🤖 AI Summary
Existing approaches to long-form video understanding struggle under the one-shot encoding paradigm to simultaneously achieve broad temporal coverage, fine-grained visual detail, and computational efficiency, often sacrificing critical information through aggressive compression or incurring substantial memory and latency overheads. This work proposes a progressive evidence acquisition framework that generates compact video previews via query-aware adaptive relevance-diversity sampling (AdaRD) and, when model uncertainty arises, triggers a zero-cache on-demand retrieval mechanism to directly fetch high-resolution frames from disk. Requiring no pre-cached frames, the method significantly outperforms current state-of-the-art approaches across seven benchmarks—yielding a 2.59% absolute gain in accuracy on VideoMME, an 8.39% improvement in mIoU on Charades-STA, and a ~33× reduction in visual token consumption.
📝 Abstract
Long video understanding is heavily bottlenecked by a rigid one-shot paradigm: existing methods either densely encode videos at prohibitive memory and latency costs, or aggressively compress them into sparse frame sets that irreversibly discard fine-grained evidence needed for downstream reasoning. Consequently, current models struggle to simultaneously balance temporal coverage, visual details, and computational efficiency.

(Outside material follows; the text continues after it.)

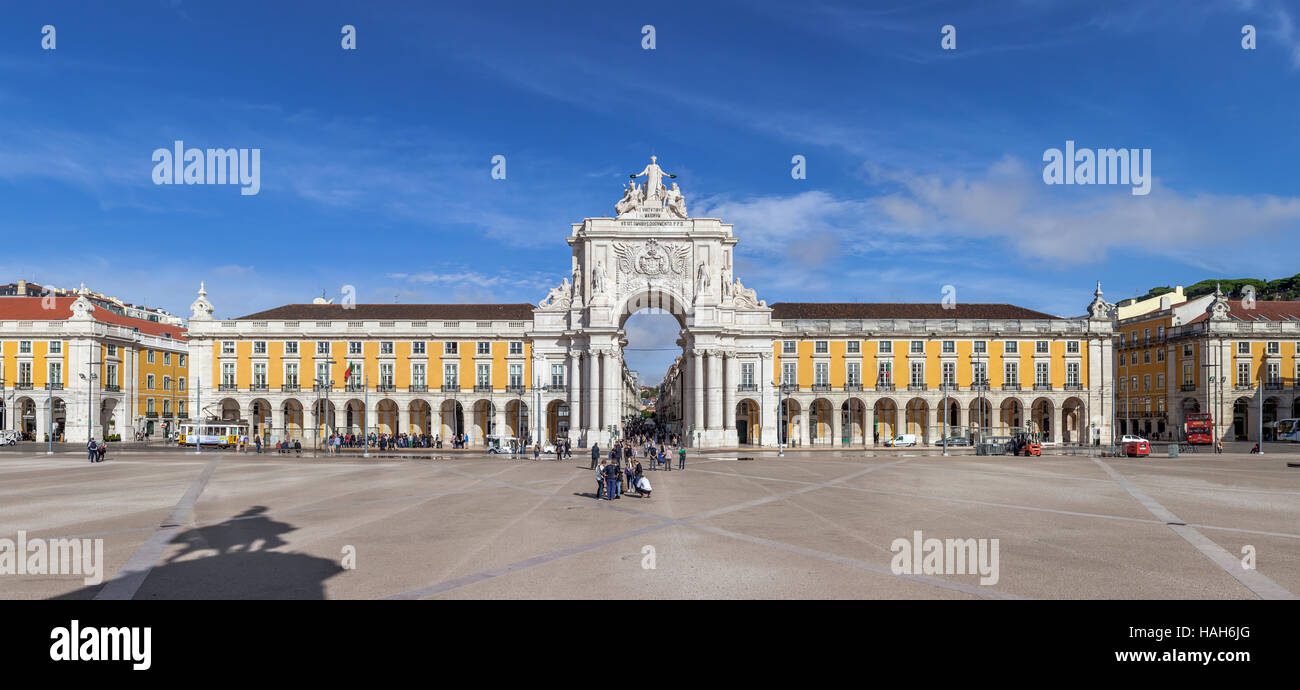 Praça do Comercio Platz und Augusta Street Bogen, zwei der wichtigsten Sehenswürdigkeiten der Stadt von Lissabon, Portugal. Stockfoto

We propose AdaFocus, an efficient framework that rethinks long-video understanding as progressive evidence acquisition rather than one-pass encoding. AdaFocus relies on two tightly coupled components. First, a Query-Aware Adaptive Relevance-Diversity sampler (AdaRD) produces a compact yet informative video preview, adaptively switching to global clustering when the query lacks reliable local grounding. Second, instead of caching exhaustive frame sequences in memory, AdaFocus introduces an uncertainty-triggered refinement mechanism. It performs targeted look-back only when the model is not confident, retrieving high-resolution evidence directly from disk via a zero-cache I/O design. This turns discarded visual details from an irreversible loss into on-demand recoverable evidence without paying the cost of exhaustive preloading.
Experiments on seven standard long-video benchmarks show that AdaFocus delivers a substantially better efficiency-accuracy trade-off than strong baselines. Compared with conventional dense encoding, AdaFocus achieves improved task performance (e.g., +2.59 accuracy on VideoMME, +8.39 mIoU on Charades-STA over single-pass inference) while reducing visual token consumption by ~33x and eliminating the need for in-memory frame pre-caching through its zero-cache disk retrieval design. These findings suggest that progressive preview combined with zero-cache evidence refinement is a highly effective paradigm for scalable multimedia reasoning.